Alesha's devastated mother begged for information about her daughter after she discovered she went missing. Ms King, her daughter's grandmother, also made a public plea.
"Alesha has gone missing from our house please help look for her," she wrote, alongside an adorable picture of the schoolgirl.
Tragically, Ms Lochrane made the heartbreaking discovery her young daughter had been found dead after other users posted links to news reports of the tragedy.
A potential line of inquiry, The Sun reports, is that Alesha may have had a problem with sleepwalking.
A local bus driver, who gave his name only as Peter, told The Times that Ms King and Mr MacPhail are a nice family and very well known on the island.
"It's really not clear what happened, but I know wee Alesha was known to sleepwalk," he said.
A huge search was launched after the grandparents alerted police.
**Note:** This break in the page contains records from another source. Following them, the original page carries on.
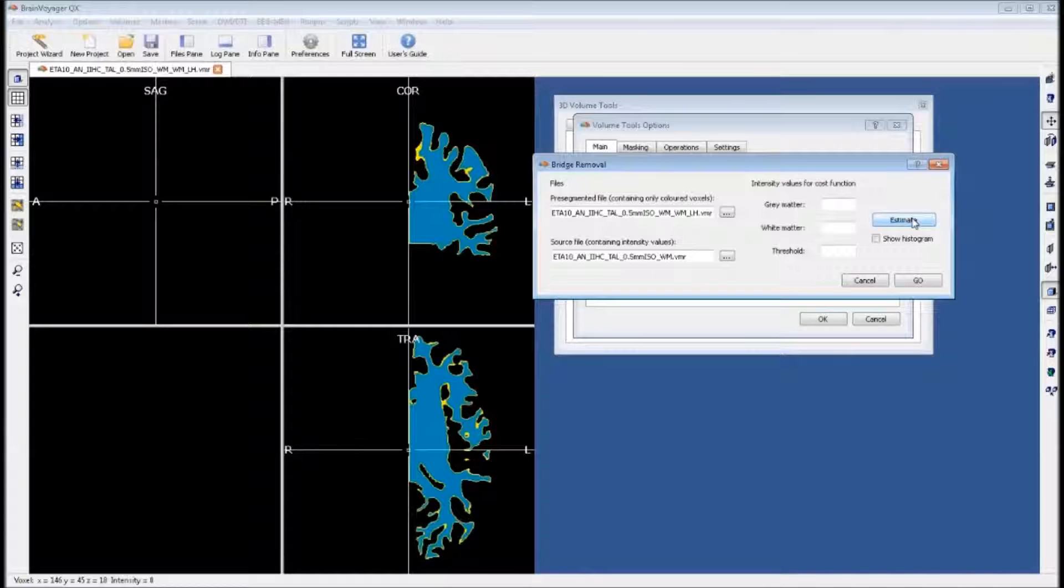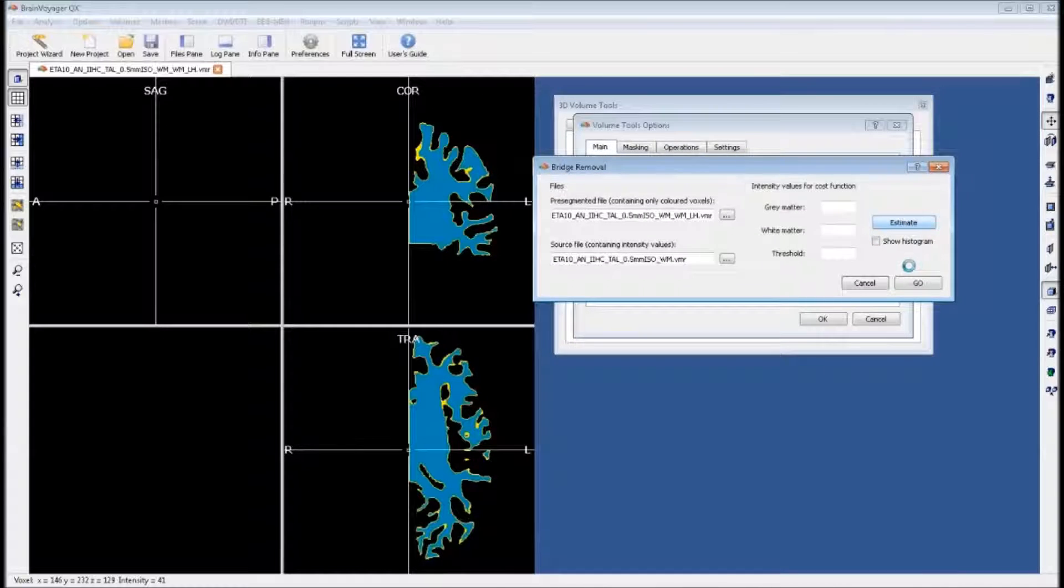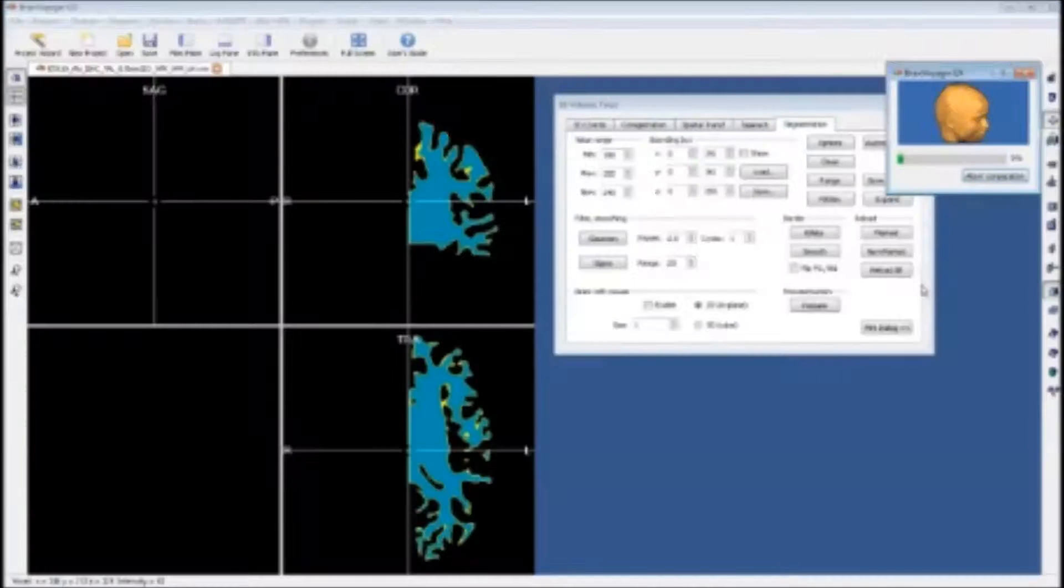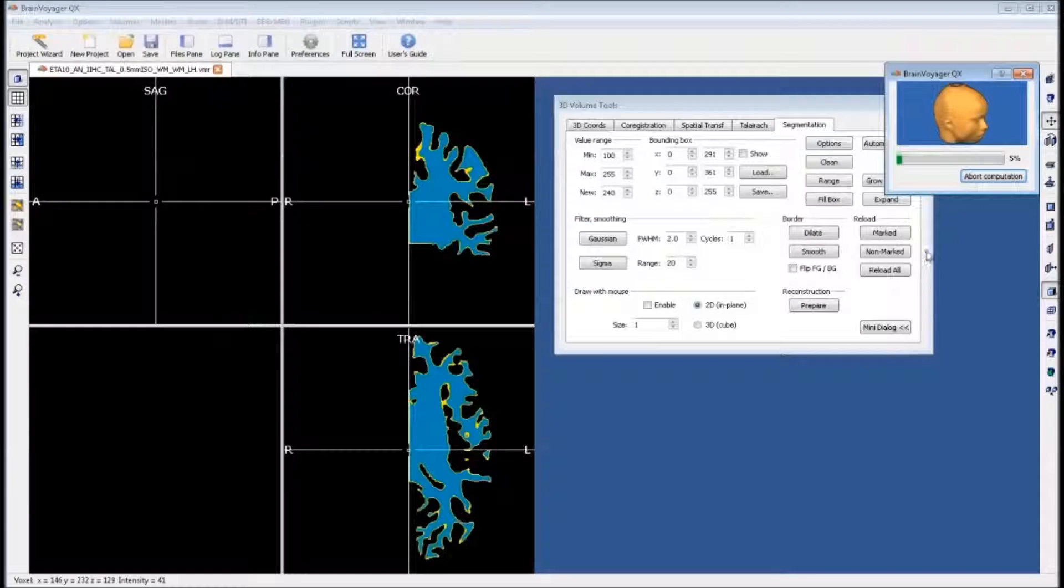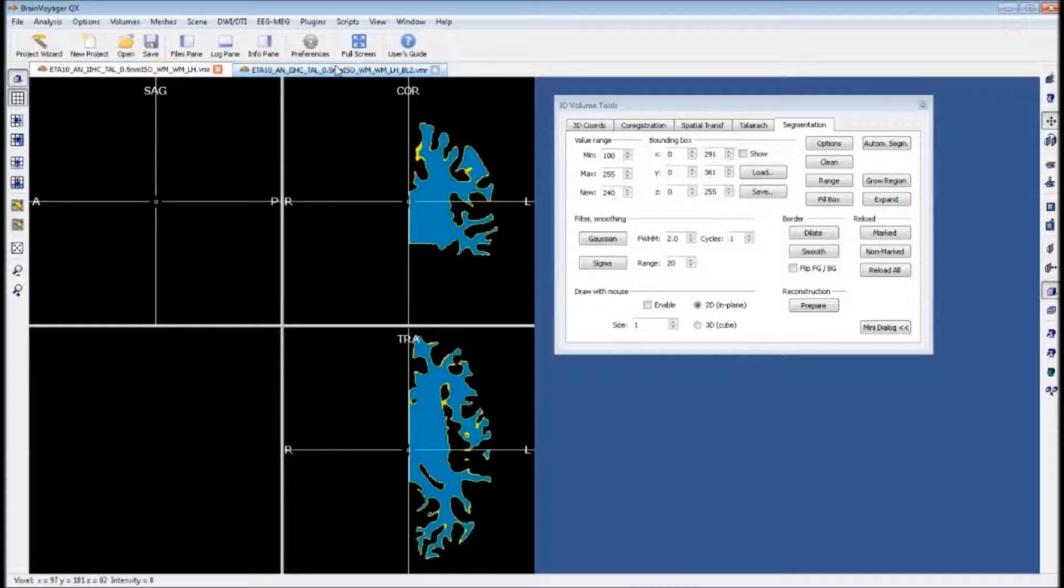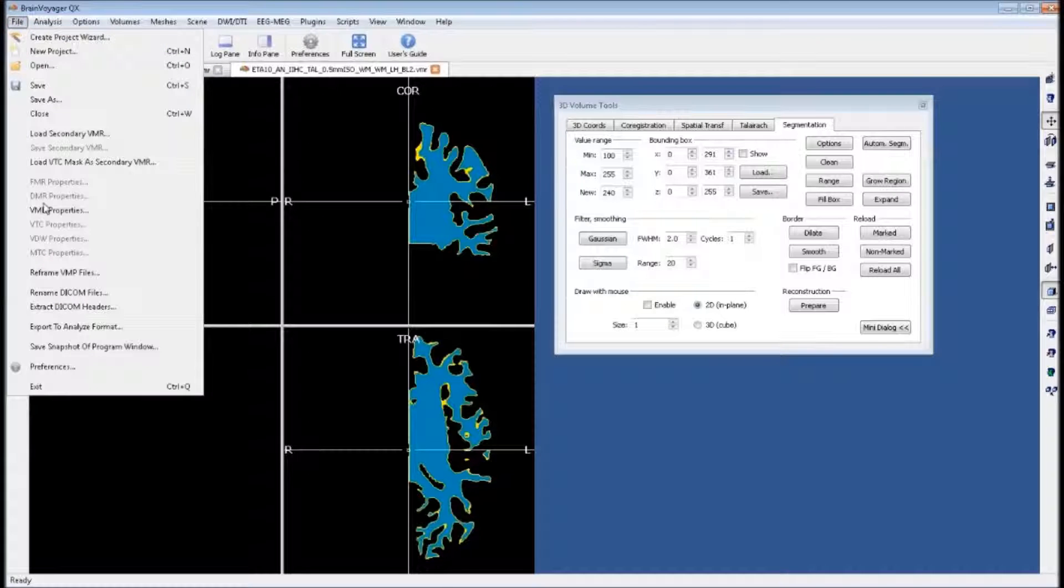Next, you want to estimate values for gray matter, white matter, and our threshold. Once we have these values, we can click go. This process will take some time. Once it's complete, what you will find is you have the original and a new version with the bridges removed.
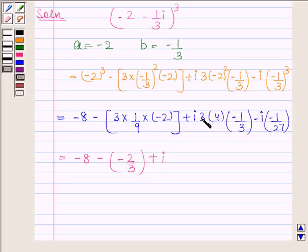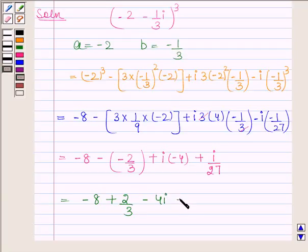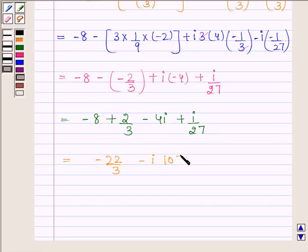This simplifies to minus 8 plus 2 by 3, minus 4 iota plus iota upon 27. Now, simplifying the real part and the imaginary part separately, this is equal to minus 22 by 3 and the imaginary part is minus iota 107 upon 27.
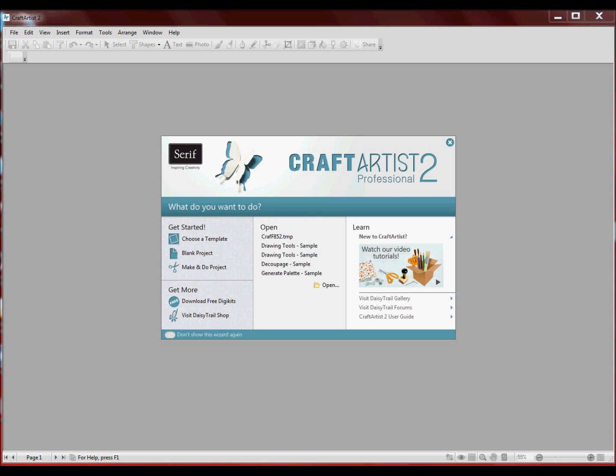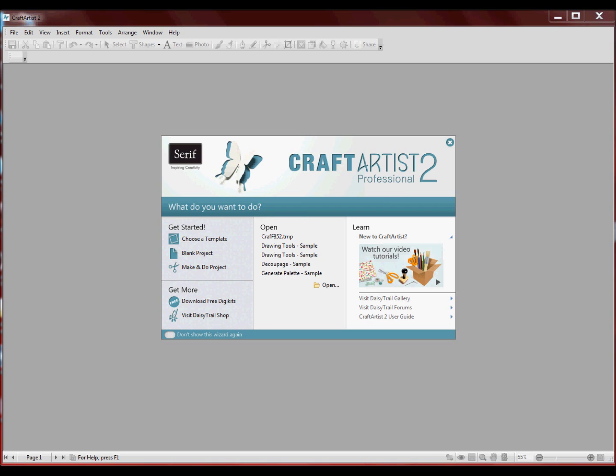Now I own a Silhouette Cameo machine and I like cutting. But I've always wanted to do my own sort of work but tried to use Inkscape and just didn't get on with it at all. But now with the Craft Artist Professional 2 you can export as an SVG file which I can take into my Cameo software and do cut files which is absolutely brilliant.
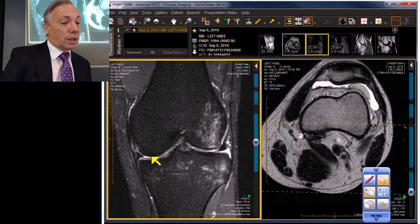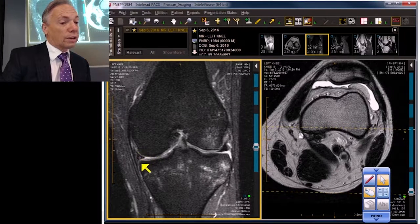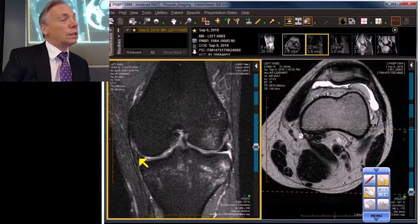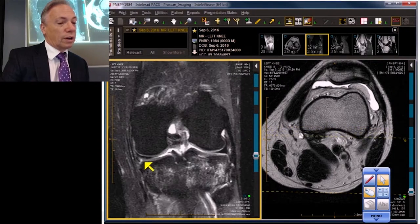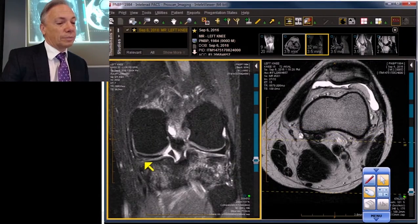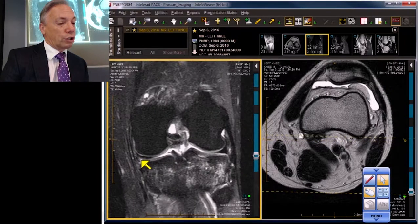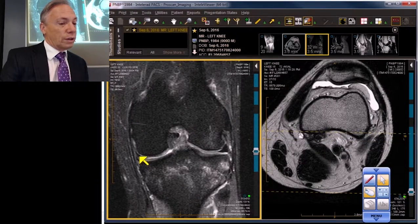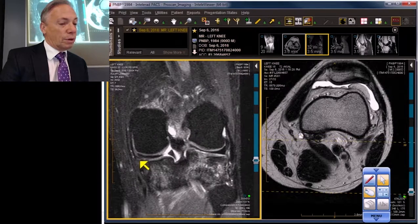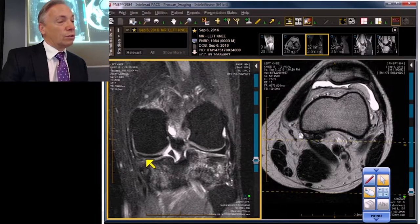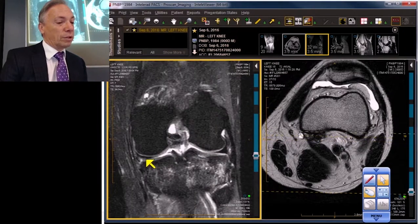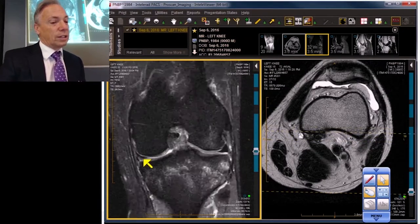You should be dialed into the small character of the medial meniscus. It's got a little vertical signal in it, which is part of our tear. We can follow it into the posterior horn body junction region, so there is a vertical component. There's also a horizontal or oblique component, so there's some complexity to this tear.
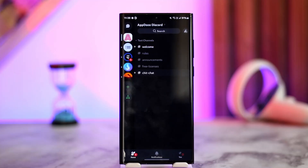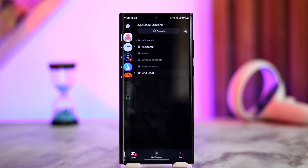This usually happens when somebody gave you a link and you're trying to join that server, but the owner set it to expire after a certain number of days. If the owner had set it to never expire, then the link would never expire and anyone would be able to join the Discord server.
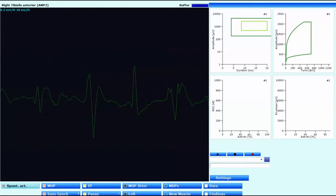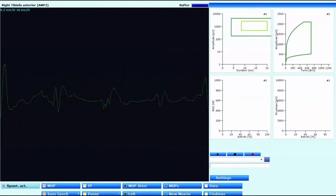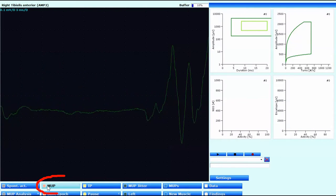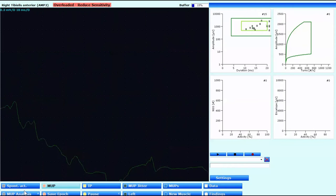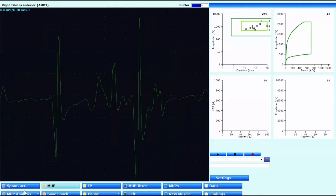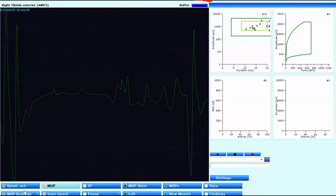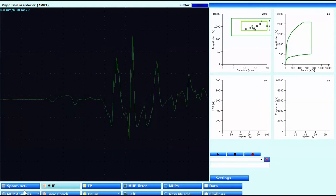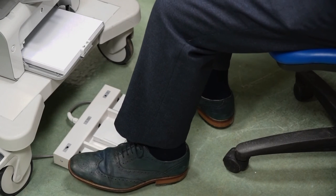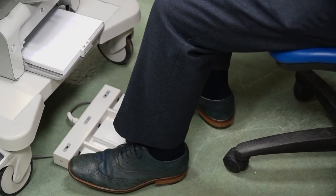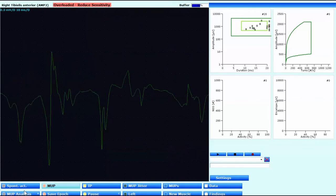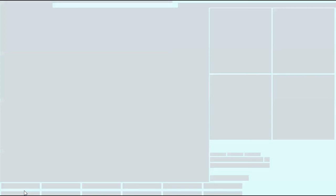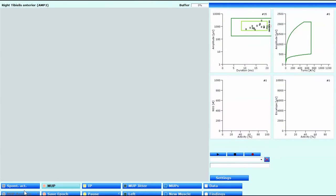We start off with the Spontaneous Activity window and we can see the motor units here. We then activate the MUP analysis program by clicking on MUP, and the data is acquired. You can see the buffer mark expanding on the top right-hand corner as data is acquired. Then all we have to do is click on MUP analysis on the bottom left — you can either do this via the foot paddle with the left switch, or directly on the control box. We can just carry on adding data as the buffer fills.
Locals scoured the area as a police helicopter hovered overhead.
The family's flat, which is close to the seafront, was taped off as forensics teams swooped.
A cordon was also thrown around a bus stop opposite the home, and run all the way down to the water.
Police stopped traffic entering a winding track leading up to a hill at the rear of the house, while investigators combed an expanse of nearby forest.
Alesha's body was eventually discovered by a member of the public in woodland on the site of the abandoned Kyles of Bute Hydropathic Hotel, which was demolished in the 1970s.
The area where her body was found is heavily overgrown.
Tributes have flooded in for Alesha from devastated friends and family.
"I have been up all night thinking of how to word this as I have received many messages in the last 20 hours or so," her uncle CJ MacPhail wrote.
"As some of you already may know I was informed yesterday that my beautiful niece was taken from us far to soon.
"Alesha was the most wonderful niece I could have asked for, she always brought happiness to my day and anyone she was around."
Stunned locals on the island, which has a tiny community of around 7500 people, have also paid tribute to the blonde-haired, blue-eyed girl.
"The whole of the Island of Bute is in complete shock," one resident said.
"Alesha's father Robert is just a brilliant guy and worshipped the ground she walked on. They were happy together. This doesn't happen here.
"The whole community will stand together I know that. That is what the island is like."
The principal of Alesha's school, Chapelside Primary in Airdrie, Scotland, has released an emotional statement about their pupil.
"[Alesha] loved being at school and enjoyed all aspects of literacy, in particular writing. She was such a perfectionist in her handwriting and was very proud of her work," Wendy Davie said.
"Alesha was very friendly and she welcomed everyone first thing in the morning at breakfast club. She was a very considerate child who loved being part of a group and she was popular with all the other children and was a smiley and happy young girl."